UN MÉDICAMENT SI NÉCESSAIRE

Le bilan psychologique peut être complété par une consultation dans le service de pédiatrie de l’hôpital pour un bilan neuropsychologique. « On n’est pas fermé à une approche neuropsychologique du trouble, souligne Gérard Zachayus. C’est ce service spécialisé qui va poser un diagnostic d’hyperactivité et éventuellement prescrire un médicament [le méthylphénidate]. » Le choix d’un traitement médicamenteux est encouragé dans les cas où les troubles sont tels que l’enfant n’est pas accessible aux soins. Pour un enfant, le CMPP s’est déjà adressé au service de pédiatrie car, « même s’il y avait des facteurs déclenchant, l’enfant présentait un réel mal-être et une grande souffrance ». Le thérapeute ajoute qu’il ne peut travailler avec un enfant en état de crise, « il faut qu’il soit relativement posé ». Dans certains cas, le médicament a permis de poursuivre la scolarité. Dans d’autres, « les familles prennent la prescription du médicament et on ne les voit plus quand l’enfant ne pose plus de problème », regrette le psychologue.

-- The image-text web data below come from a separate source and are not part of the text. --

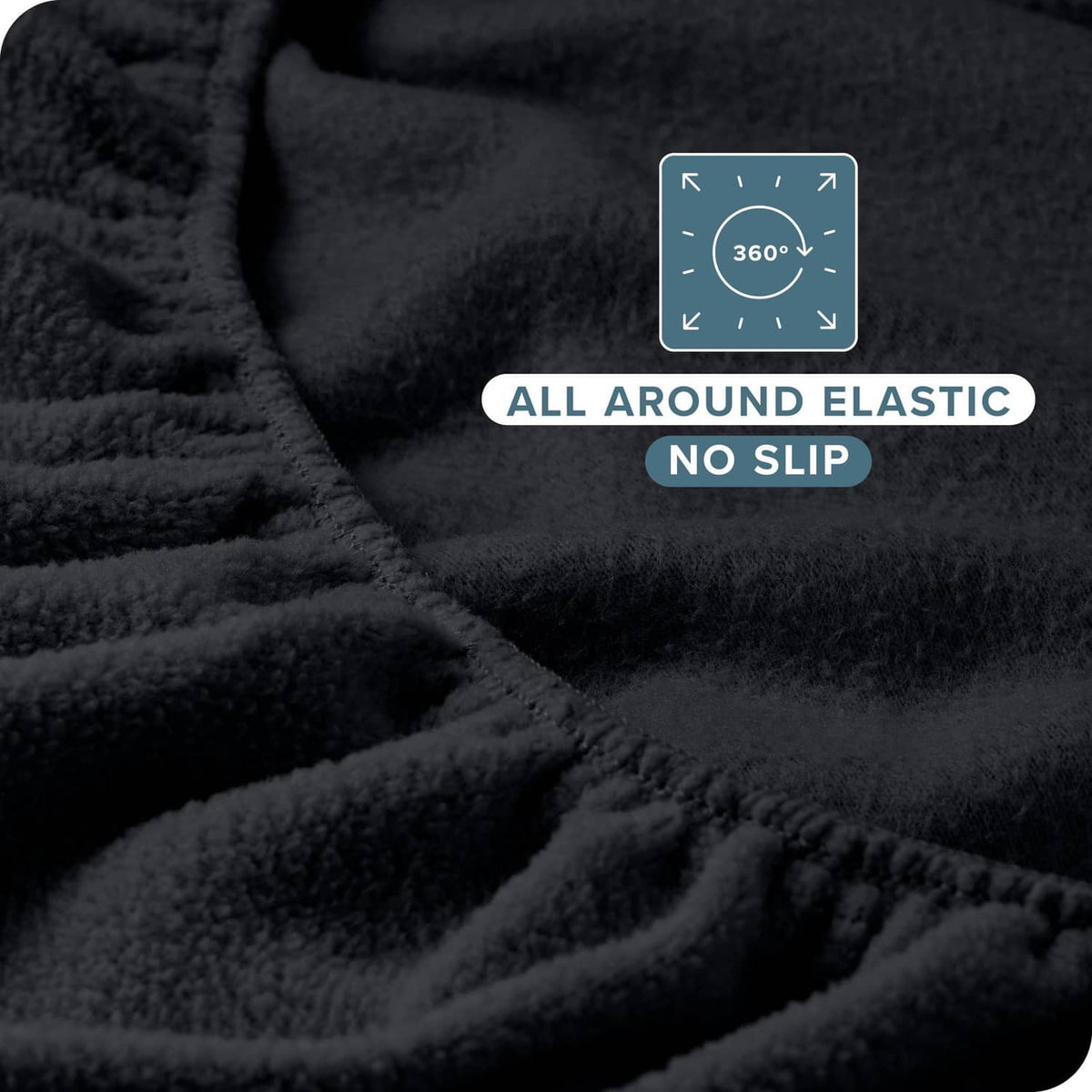 Black plush fitted sheet with stretchy all-around elastic grip for secure fit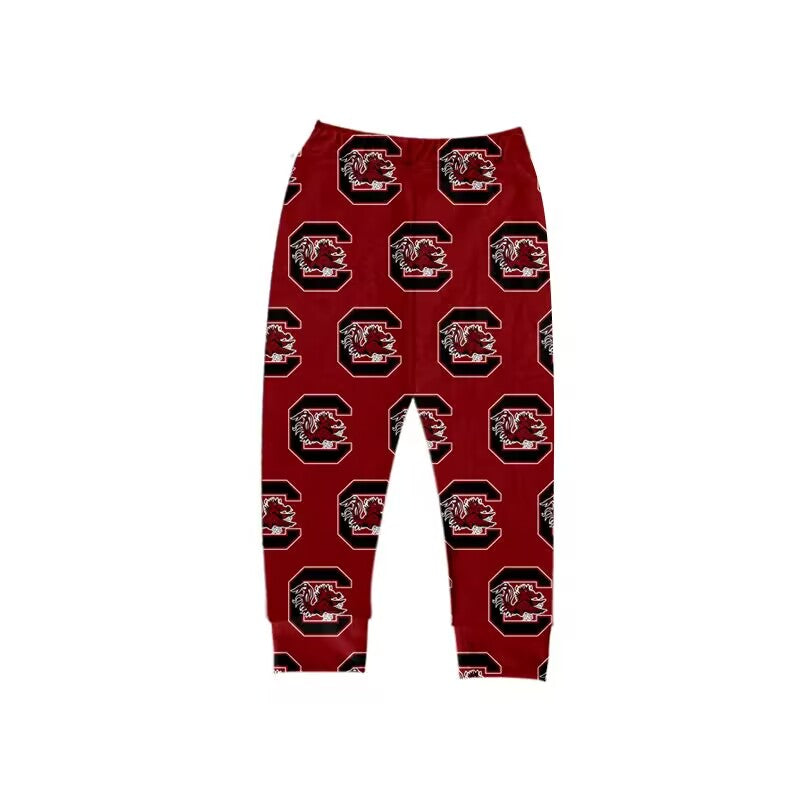 custom moq 3 eta 6-8weeks baby boys clothes team brick red long sleeve pants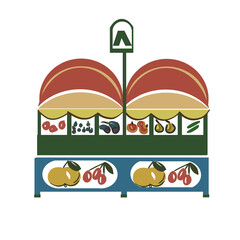 bazaar with fruit and vegetable market and retail store tent 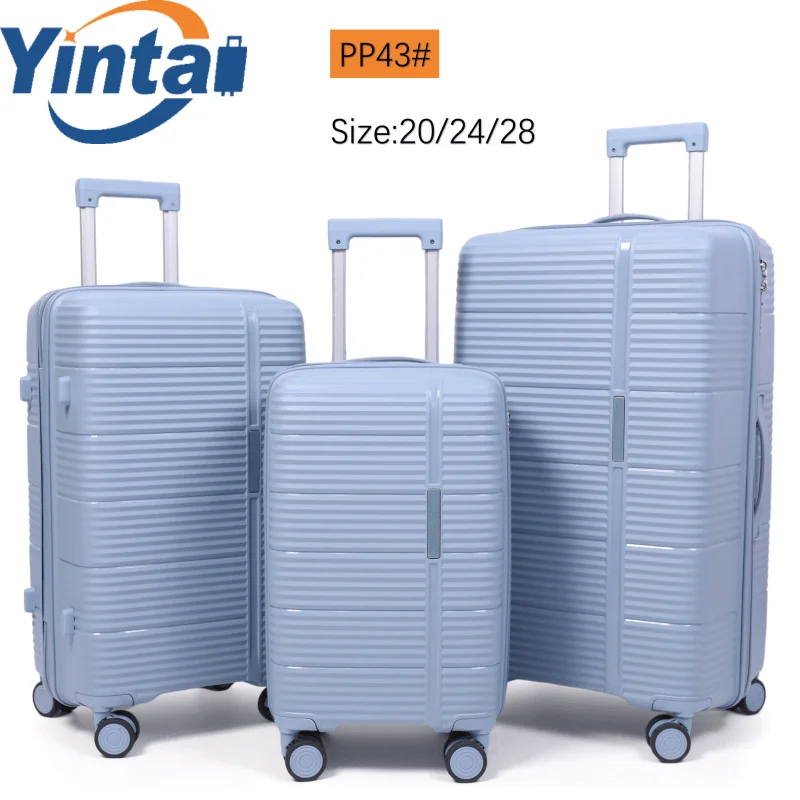 High quality Fashional travel PP hard shell large capacity multi color fashionable suitcase luggage case set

(1) L’INPES édite une brochure explicative sur les troubles “dys” (cf. Savoir plus p.40).

(2) Les enfants et adolescents pris en charge dans les Centres médico-psycho-pédagogiques, Direction de la recherche, des études de l’évaluation et des statistiques (Drees), avril 2005 (sante.gouv.fr).

Point de vue…
Au-delà du symptôme

Gérard Zachayus, psychologue au centre médico-psycho-pédagogique (CMPP) d’Avignon

« L’hyperactivité est un symptôme qui n’explique pas tout. Il y a un risque à limiter la problématique de l’enfant à un symptôme. Un diagnostic d’hyperactivité ou de dyslexie permet aux parents de ne pas se poser de question sur ce qu’ils induisent eux-mêmes. Un enfant rejeté par sa mère peut devenir turbulent pour coller à cette image de mauvais objet. C’est aussi le cas, bien décrit en psychopathologie, des enfants amenés à réagir pour stimuler leur mère dépressive. En se limitant à un symptôme, on n’explique pas pourquoi le symptôme est là ».